▶ ABOUT THIS TASK
Copy, word for word, each line of the data below from the first through the line containing "Room in 3 BHK", and stop there.

▶ EXERCISE DATA
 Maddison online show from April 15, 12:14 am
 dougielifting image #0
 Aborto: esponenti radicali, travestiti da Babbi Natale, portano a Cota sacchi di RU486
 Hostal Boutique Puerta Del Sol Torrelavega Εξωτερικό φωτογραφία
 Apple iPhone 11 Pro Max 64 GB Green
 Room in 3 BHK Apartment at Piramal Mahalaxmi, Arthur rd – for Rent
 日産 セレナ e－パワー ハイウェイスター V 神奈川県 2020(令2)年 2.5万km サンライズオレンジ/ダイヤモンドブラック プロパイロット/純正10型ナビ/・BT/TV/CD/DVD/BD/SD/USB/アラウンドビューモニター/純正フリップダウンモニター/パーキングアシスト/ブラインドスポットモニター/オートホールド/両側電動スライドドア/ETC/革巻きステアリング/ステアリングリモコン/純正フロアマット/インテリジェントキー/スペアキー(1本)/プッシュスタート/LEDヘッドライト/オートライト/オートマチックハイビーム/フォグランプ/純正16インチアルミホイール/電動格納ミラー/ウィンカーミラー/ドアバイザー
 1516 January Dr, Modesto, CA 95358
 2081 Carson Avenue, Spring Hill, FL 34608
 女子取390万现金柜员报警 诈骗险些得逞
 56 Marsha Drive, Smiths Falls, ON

▶ OUTPUT FOR THIS TASK
 Maddison online show from April 15, 12:14 am
 dougielifting image #0
 Aborto: esponenti radicali, travestiti da Babbi Natale, portano a Cota sacchi di RU486
 Hostal Boutique Puerta Del Sol Torrelavega Εξωτερικό φωτογραφία
 Apple iPhone 11 Pro Max 64 GB Green
 Room in 3 BHK Apartment at Piramal Mahalaxmi, Arthur rd – for Rent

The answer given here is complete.